Kaum hatte ich die Augen geschlossen, flimmerte das Bild von Alexander vor meinem inneren Auge. Wie er da, mit dem Rücken auf dem Tisch lag, die Arme zu beiden Seiten ausgestreckt. Wie der letzte Funke in seinen Augen erlosch, kurz nachdem er mich erblickt hatte. Kurz, nachdem er mir mit letzter Kraft gesagt hatte, dass ich fliehen solle.

Dass mein Zwilling nicht mehr unter den Lebenden weilte, zerriss mich. Die letzten Jahre war zwar auch er kalt geworden, distanziert, aber was war mit den einhundertzehn Jahren zuvor?! Damals waren wir ein Herz und eine Seele gewesen, hatten uns Jahrzehnte lang, ja fast ein ganzes Jahrhundert, ein Zimmer geteilt und uns immer ins Bett des anderen geschlichen, sobald wir uns sicher waren, dass die Nacht niemand mehr kommen würde! Ich sah es vor Augen, wie er mich schützend in den Arm genommen hatte, als ich vor den großen, bösen Monstern meiner Träume floh. Wie er mich unterstützt und mir beruhigende Worte ins Ohr geflüstert hatte, wenn ich mich zitternd vor Panik neben ihn gekuschelt hatte.

Meine Hände klammerten sich fest um den Wannenrand und eine einsame Träne fand ihren Weg meine Wange hinab.

Das Bild meines Ziehvaters, König Alaric, blitzte vor mir auf. Aber er war mir niemals wirklich ein Vater gewesen. Es hatte keine näheren Blutsbande zwischen uns gegeben. Er war der Bruder meiner Mutter, der Königin, gewesen, mehr nicht. Ich hatte ihn seit jeher immer nur mit ‚König Alaric‘ oder ‚mein König‘ angesprochen. Er war nie in unser Zimmer gekommen, um uns eine gute Nacht zu wünschen. Aber das hatte auch die Königin die letzten Jahre nur äusserst selten getan. Meine Mutter …, Königin Anasthasia, wie ich sie die letzten drei Jahre genannt hatte.
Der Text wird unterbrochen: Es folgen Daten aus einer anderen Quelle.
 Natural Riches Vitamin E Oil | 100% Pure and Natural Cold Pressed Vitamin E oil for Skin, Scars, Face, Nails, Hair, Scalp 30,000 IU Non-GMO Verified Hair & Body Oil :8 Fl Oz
Sie war am Boden gelegen, kreischend und kämpfend, mit einer jüngeren Vampirin, die ich nicht kannte. Doch! Ich kannte sie! Sie hatte mich in den Kerker werfen lassen!



Augenblicklich riss ich die Augen auf und setzte mich gerade hin. Dabei schwappte ein wenig Wasser über den Rand. Ein schmerzerfülltes Zischen durchstreifte die Luft, als ich ob der unbedachten Bewegung nach vorn, unliebsam an meine gebrochene Rippe erinnert wurde.
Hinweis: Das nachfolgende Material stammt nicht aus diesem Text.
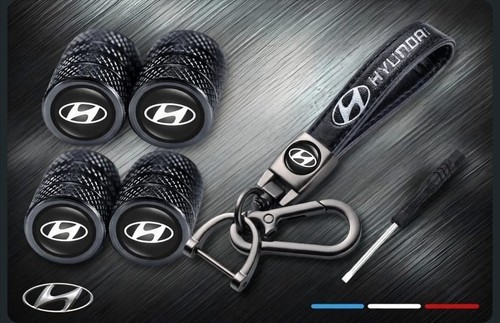 Hyundai metal leather keyring - leather,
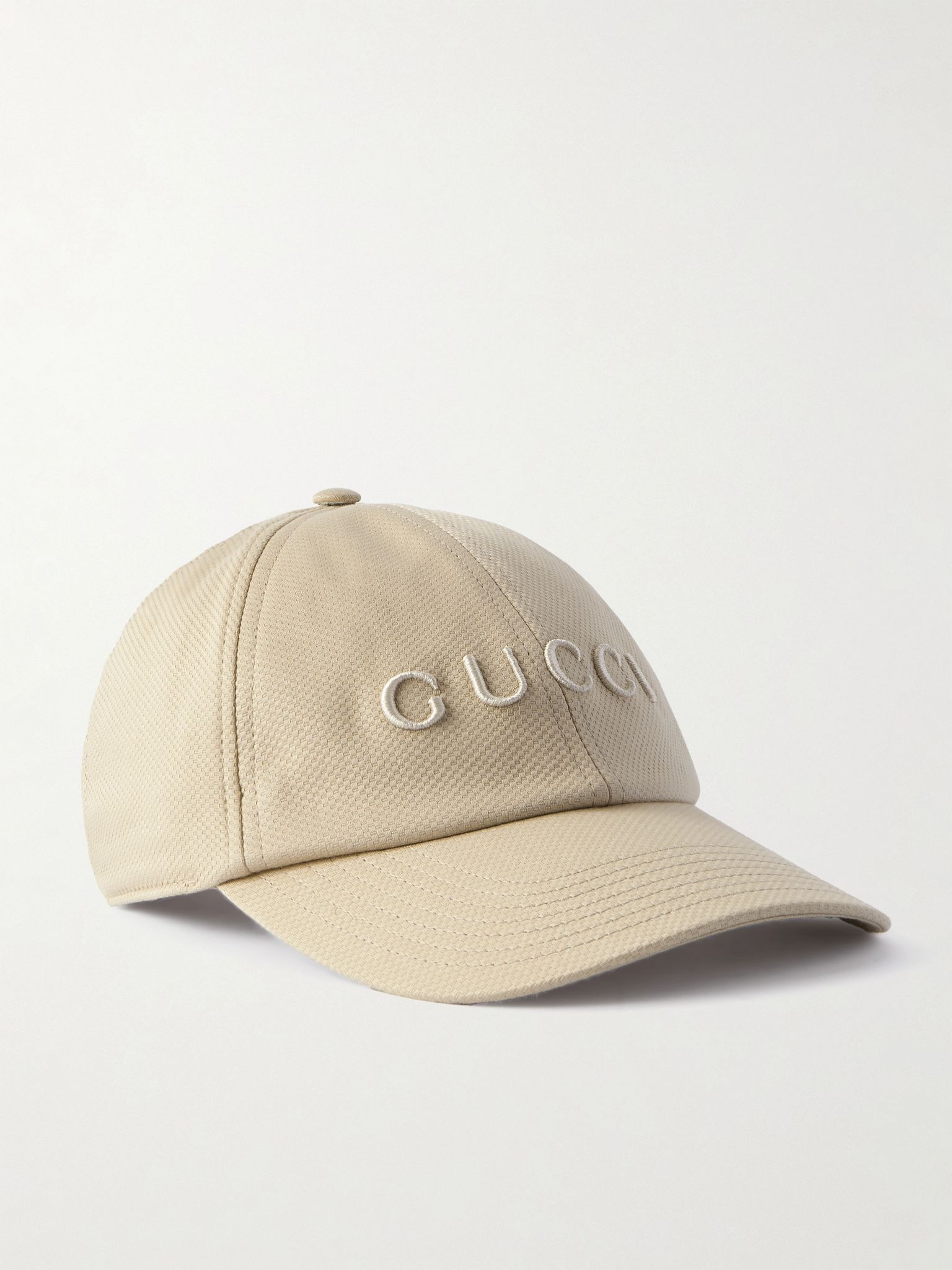 Logo-Embroidered Cotton-Blend Canvas Baseball Cap Cream - 1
Ja, ich hatte diese Frau wiedergesehen.

Langsam griff meine Hand nach der Seife. Kurz davor hielt ich stockend inne. Sklaven durften keine Seifen verwenden. Sklaven hatten so wertvolles Gut nicht verdient!

Eine ganze Weile verharrte ich regungslos in dieser Position. Schliesslich riss mich eine Stimme vor der Tür aus meinen Gedanken.

„Alles in Ordnung, Asha?“ Emili klang besorgt.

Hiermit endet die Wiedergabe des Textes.